Commuter rail station in Dallas, Texas

Knoll Trail station is a DART Silver Line commuter rail station in Dallas, Texas.

The station is located in Far North Dallas near the intersection of Arapaho Road and the Dallas North Tollway. It serves adjacent apartment and office complexes, as well as Prestonwood Town Center. Unlike most DART stations, Knoll Trail does not have a dedicated parking lot.

The station is decorated with an "urban refuge" theme.

== History ==
In 1990, Dallas Area Rapid Transit (DART) purchased a former St. Louis Southwestern Railway corridor between Fort Worth and Plano for a future commuter rail line.

In 2006, the city of Dallas proposed a development plan for the Far North Dallas segment of the corridor. The plan proposed three stations on the segment, including one at Knoll Trail. The other two Far North Dallas stations (located at Preston Road and Coit Road) would later be removed from the plan, but Knoll Trail was retained.

In 2017, developers for the Dallas Midtown project (located 2.5 mi south of the rail line at the former site of Valley View Center) proposed an elevated transit system connecting the project and Knoll Trail station.
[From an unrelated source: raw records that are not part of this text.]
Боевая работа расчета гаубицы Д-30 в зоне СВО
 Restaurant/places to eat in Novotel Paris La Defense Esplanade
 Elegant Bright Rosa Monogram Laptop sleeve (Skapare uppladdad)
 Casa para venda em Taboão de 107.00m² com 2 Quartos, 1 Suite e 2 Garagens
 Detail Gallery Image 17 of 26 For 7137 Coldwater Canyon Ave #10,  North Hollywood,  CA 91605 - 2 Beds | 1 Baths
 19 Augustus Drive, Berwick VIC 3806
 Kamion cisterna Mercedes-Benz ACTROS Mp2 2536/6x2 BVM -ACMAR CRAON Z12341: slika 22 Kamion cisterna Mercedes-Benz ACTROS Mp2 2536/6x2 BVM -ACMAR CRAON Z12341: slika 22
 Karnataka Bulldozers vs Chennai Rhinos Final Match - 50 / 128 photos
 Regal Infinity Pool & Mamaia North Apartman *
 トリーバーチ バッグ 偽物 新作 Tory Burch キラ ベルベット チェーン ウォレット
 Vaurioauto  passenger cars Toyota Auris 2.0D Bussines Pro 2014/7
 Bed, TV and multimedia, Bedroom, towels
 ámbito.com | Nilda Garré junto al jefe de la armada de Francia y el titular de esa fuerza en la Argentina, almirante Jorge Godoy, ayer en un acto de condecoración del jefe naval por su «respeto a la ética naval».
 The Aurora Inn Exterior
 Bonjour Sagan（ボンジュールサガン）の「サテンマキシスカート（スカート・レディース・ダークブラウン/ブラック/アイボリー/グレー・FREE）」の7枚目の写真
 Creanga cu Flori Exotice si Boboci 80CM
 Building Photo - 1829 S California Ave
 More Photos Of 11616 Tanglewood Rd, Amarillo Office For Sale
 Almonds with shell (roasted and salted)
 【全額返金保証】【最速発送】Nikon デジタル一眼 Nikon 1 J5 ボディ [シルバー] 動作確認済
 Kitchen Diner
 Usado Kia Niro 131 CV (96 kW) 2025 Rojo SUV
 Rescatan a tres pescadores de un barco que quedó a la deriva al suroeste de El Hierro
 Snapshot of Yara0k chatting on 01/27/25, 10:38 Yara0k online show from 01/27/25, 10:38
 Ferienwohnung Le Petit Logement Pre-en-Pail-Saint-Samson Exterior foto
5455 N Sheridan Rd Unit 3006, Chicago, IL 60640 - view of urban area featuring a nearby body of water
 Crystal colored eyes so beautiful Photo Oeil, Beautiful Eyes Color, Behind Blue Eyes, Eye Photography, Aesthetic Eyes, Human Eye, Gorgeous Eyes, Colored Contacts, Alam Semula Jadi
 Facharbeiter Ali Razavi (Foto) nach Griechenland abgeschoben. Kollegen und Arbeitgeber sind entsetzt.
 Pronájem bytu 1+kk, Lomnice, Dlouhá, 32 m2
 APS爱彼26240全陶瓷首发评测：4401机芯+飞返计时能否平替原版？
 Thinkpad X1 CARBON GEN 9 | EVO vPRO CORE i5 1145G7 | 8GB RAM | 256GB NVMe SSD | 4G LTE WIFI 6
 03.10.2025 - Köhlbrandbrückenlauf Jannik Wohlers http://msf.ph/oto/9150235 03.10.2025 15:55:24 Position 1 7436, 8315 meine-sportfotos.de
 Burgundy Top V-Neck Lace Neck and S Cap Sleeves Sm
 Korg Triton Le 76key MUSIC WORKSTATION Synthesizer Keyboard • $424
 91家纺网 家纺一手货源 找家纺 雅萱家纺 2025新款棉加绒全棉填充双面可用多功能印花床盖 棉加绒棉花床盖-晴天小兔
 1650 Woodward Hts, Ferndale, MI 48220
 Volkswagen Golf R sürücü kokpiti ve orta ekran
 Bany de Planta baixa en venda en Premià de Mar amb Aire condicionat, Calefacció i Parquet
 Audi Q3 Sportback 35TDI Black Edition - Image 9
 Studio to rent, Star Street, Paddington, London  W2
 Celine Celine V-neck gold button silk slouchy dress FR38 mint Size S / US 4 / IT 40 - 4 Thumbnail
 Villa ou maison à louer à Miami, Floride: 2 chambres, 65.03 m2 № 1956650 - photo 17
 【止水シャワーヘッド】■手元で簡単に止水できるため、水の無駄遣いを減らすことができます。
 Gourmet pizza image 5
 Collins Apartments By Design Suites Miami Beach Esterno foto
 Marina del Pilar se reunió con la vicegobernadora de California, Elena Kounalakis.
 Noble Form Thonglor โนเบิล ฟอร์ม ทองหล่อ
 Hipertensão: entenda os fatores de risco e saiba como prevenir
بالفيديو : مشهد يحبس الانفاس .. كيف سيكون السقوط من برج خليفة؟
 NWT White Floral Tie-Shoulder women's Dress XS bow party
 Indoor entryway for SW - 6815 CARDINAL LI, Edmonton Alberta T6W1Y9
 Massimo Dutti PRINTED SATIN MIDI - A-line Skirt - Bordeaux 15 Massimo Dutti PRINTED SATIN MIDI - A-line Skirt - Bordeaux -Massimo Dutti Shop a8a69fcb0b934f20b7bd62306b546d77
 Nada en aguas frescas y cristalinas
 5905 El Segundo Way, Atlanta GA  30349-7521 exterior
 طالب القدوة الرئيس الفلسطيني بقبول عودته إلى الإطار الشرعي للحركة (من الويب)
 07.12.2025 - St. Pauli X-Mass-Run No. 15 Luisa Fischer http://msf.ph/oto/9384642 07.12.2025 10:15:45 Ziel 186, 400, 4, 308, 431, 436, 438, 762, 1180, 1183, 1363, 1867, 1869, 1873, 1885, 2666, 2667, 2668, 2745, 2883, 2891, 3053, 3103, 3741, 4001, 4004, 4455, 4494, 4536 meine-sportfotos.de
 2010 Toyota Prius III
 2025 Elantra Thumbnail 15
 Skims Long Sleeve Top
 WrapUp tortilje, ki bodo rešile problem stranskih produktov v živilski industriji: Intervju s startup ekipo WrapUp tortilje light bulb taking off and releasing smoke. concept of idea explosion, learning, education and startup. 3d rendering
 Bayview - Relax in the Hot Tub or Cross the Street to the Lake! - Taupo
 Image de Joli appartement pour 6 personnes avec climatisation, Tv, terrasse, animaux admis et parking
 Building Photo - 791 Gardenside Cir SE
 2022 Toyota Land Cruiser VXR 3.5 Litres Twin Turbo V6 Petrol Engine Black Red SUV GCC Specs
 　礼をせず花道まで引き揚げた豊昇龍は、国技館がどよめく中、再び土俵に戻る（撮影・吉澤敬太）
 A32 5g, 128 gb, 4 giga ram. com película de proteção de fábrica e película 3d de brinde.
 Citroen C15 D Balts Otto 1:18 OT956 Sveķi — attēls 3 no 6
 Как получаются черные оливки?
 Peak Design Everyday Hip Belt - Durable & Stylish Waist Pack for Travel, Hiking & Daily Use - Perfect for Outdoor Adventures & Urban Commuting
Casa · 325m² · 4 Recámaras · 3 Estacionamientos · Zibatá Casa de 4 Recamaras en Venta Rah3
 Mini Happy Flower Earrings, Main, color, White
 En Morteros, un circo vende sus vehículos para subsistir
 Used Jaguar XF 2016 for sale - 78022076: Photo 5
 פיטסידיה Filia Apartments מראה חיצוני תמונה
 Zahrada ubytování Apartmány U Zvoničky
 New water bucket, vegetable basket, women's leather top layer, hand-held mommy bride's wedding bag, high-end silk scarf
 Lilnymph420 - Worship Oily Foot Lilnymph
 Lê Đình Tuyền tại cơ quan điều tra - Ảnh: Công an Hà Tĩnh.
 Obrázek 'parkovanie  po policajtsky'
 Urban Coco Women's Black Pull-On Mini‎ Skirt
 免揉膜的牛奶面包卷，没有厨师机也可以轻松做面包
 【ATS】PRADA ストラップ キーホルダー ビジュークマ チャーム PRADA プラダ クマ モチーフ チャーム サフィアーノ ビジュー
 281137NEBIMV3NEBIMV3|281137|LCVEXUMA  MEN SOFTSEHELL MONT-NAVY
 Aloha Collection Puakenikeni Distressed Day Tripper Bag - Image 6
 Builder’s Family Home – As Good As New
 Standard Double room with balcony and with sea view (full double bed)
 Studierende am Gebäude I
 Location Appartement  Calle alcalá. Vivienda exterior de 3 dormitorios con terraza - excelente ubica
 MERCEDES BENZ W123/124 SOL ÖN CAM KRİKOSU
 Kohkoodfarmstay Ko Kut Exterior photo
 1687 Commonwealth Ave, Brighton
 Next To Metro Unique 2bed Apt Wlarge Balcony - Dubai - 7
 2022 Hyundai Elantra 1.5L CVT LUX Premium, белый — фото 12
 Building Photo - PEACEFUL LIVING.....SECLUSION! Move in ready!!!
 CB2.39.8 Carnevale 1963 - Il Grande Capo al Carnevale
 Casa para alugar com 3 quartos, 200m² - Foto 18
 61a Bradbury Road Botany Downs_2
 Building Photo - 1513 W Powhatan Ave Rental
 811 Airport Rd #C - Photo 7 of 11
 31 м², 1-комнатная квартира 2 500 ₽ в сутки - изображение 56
The station opened, alongside the rest of the Silver Line, on October 25, 2025.

In 2026, the town of Addison held a referendum on exiting the DART system, which if successful would force the closure of Addison station. As a replacement, the town government established a microtransit service, dubbed Addison Orbit, that would provide transit to Knoll Trail; additionally, DART announced that Addison's bus routes would be divided between Knoll Trail and Prestonwood Town Center if a pullout occurred. The pullout election ultimately failed; however, Addison Orbit service remains available, including at Knoll Trail.